Caption-style text data:
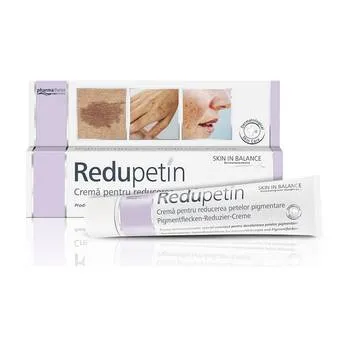 Crema pentru reducerea petelor pigmentare Redupetin, 20ml, Zdrovit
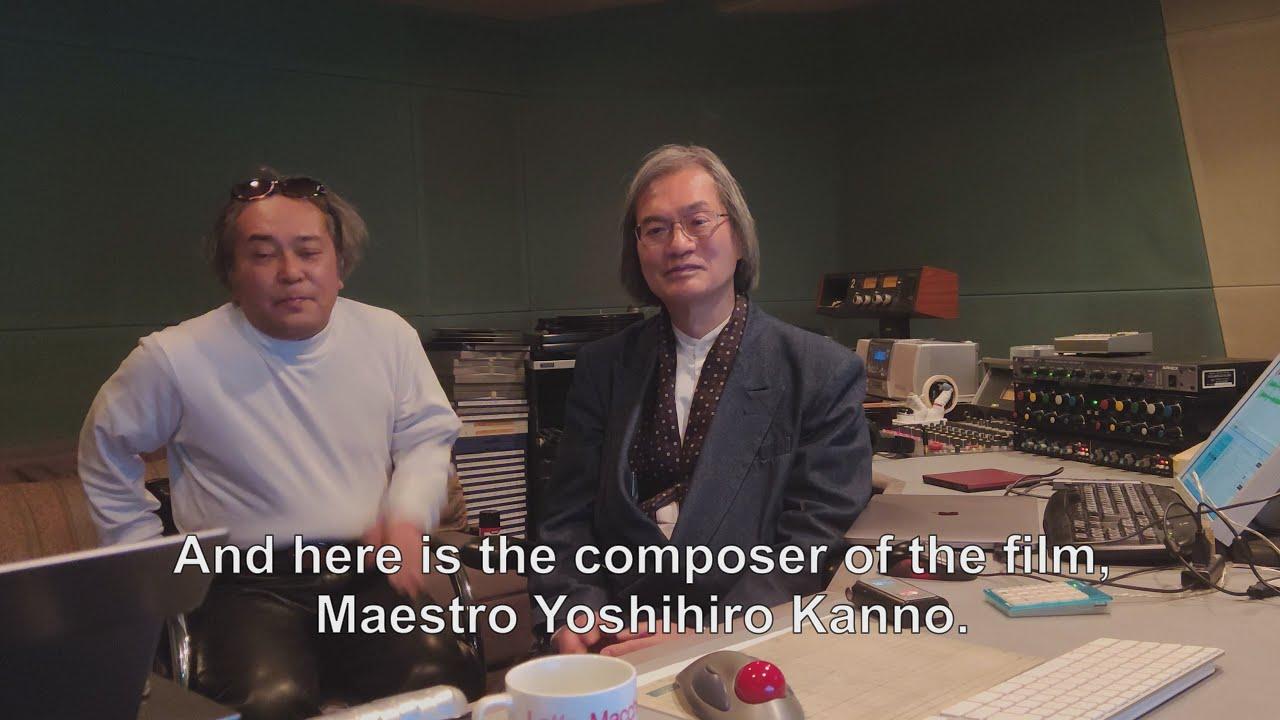 Selected for Cannes!! Message from Composer, Yoshihiro Kanno [ENG SUB]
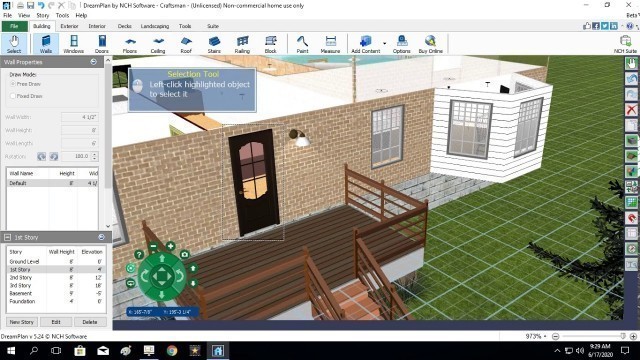 '3D dream plan house design | Home create design 3D Plan | How to making a beautiful House 2020'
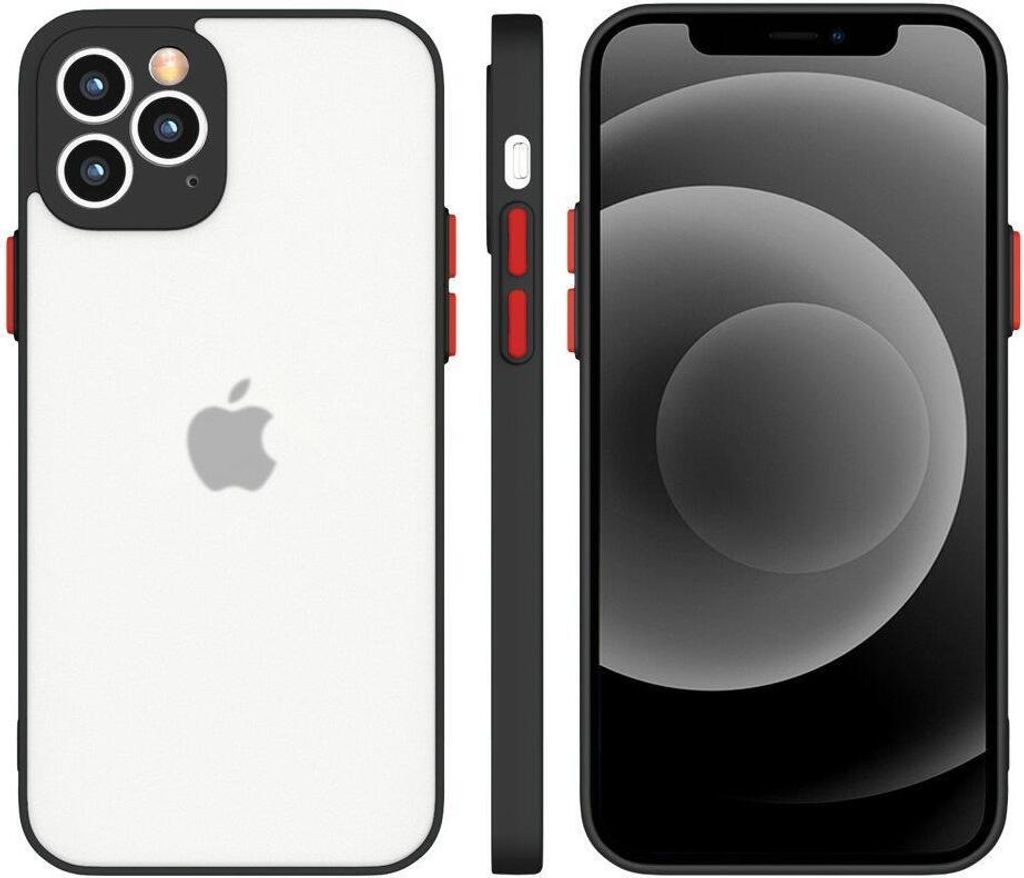 Milky Case Silikonhülle für Xiaomi Redmi 9 - Ultradünn & Schwarz KP11735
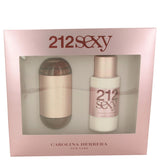 W-Gift-212-sexy-by-carolina-herrera Gift Set -- 3.4 oz EDP Spray + 6.7 oz Body Lotion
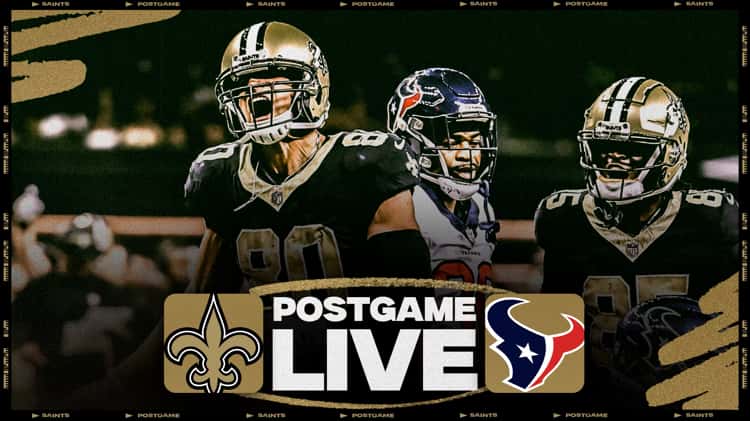 Saints vs Chiefs Postgame  2023 NFL Preseason Week 1 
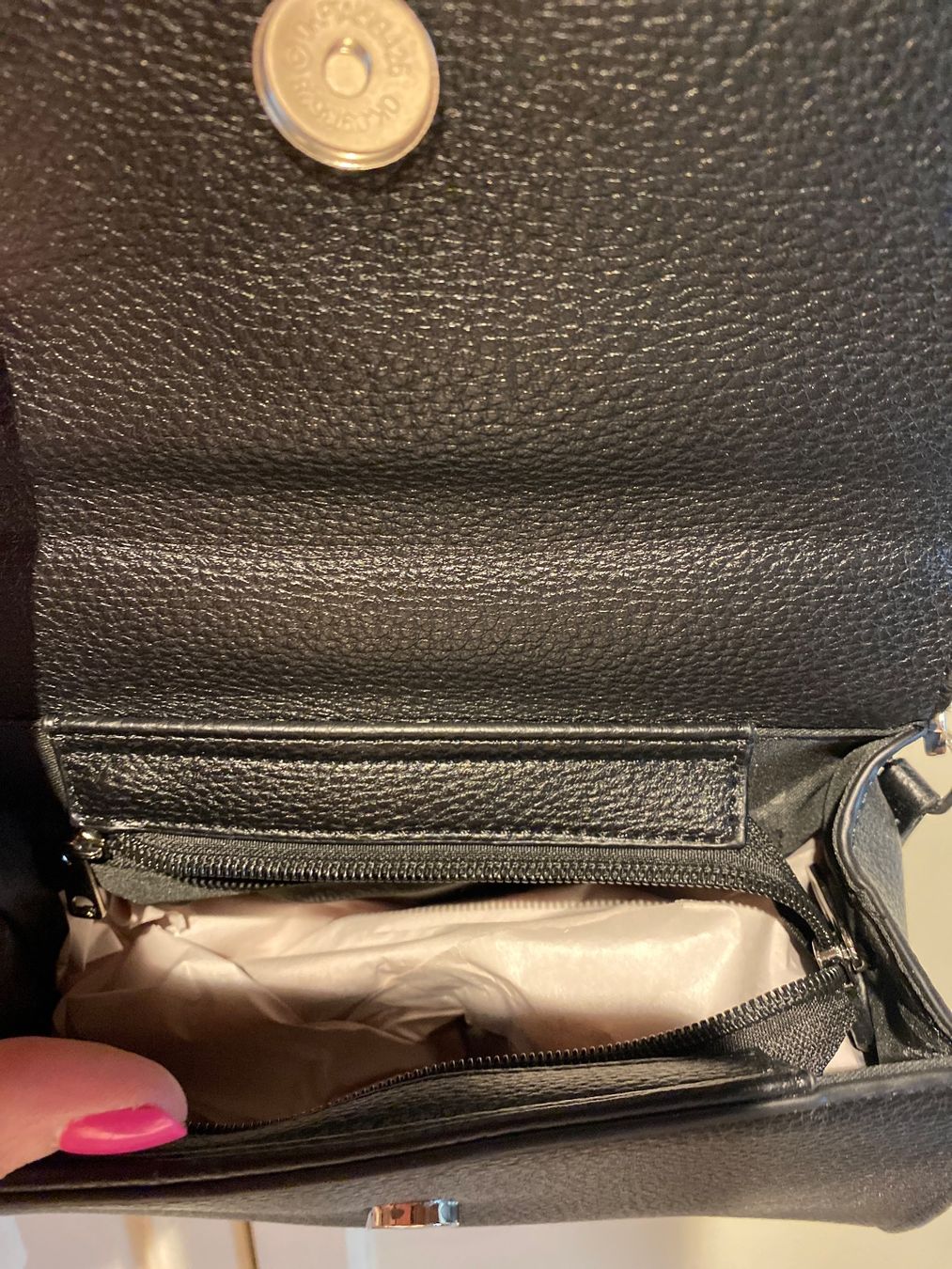 Borse da donna: HANDTASCHE SCHMETTERLING-SCHWARZ – Nuovo e nell'imballaggio originale da Meienried venduto da ManuelaBoutique 5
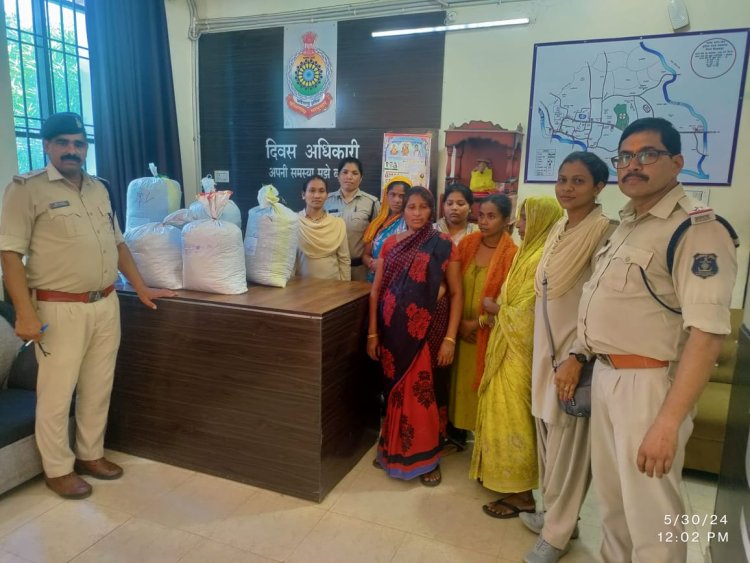 सवारी आटो में महिलाएं लेकर जा रही थी गांजा, 5महिलाओं के कब्जे से 38किलो गांजा जब्त, एनडीपीएस एक्ट के तहत कार्रवाई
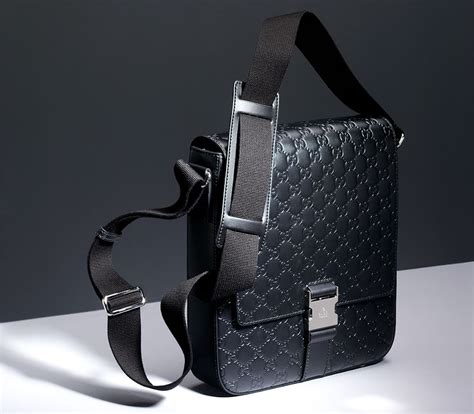 gucci sling bag for man|gucci satchel bag men's.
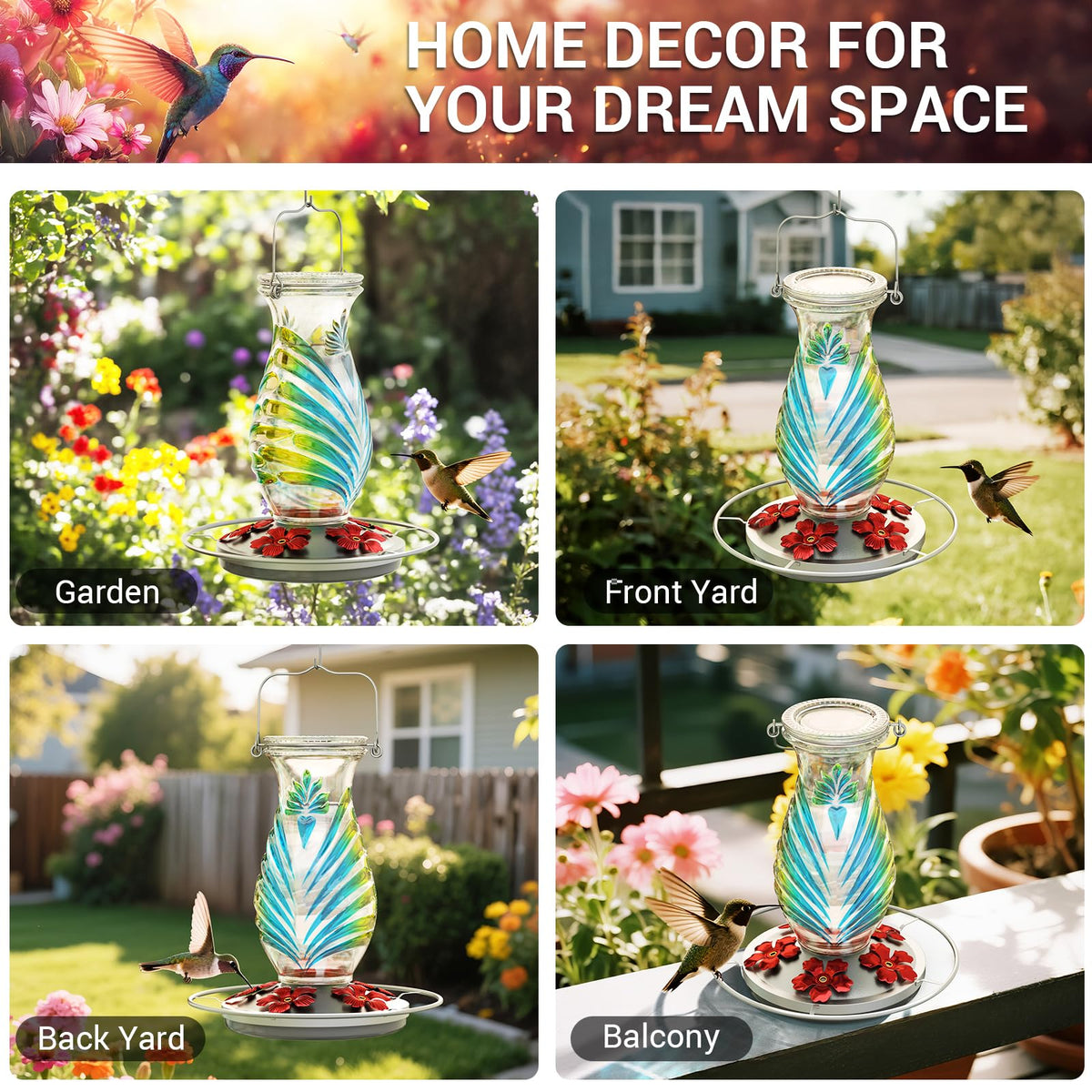 Grete Gotye outdoor feeder enhances garden decor and birdwatching moments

• Work to complete: Nothing but the lines from the line containing "Borse da donna: HANDTASCHE" through the last line of the records above should be written out, exactly and without the pictures.

• Expected answer:
 Borse da donna: HANDTASCHE SCHMETTERLING-SCHWARZ – Nuovo e nell'imballaggio originale da Meienried venduto da ManuelaBoutique 5
 सवारी आटो में महिलाएं लेकर जा रही थी गांजा, 5महिलाओं के कब्जे से 38किलो गांजा जब्त, एनडीपीएस एक्ट के तहत कार्रवाई
 gucci sling bag for man|gucci satchel bag men's.
 Grete Gotye outdoor feeder enhances garden decor and birdwatching moments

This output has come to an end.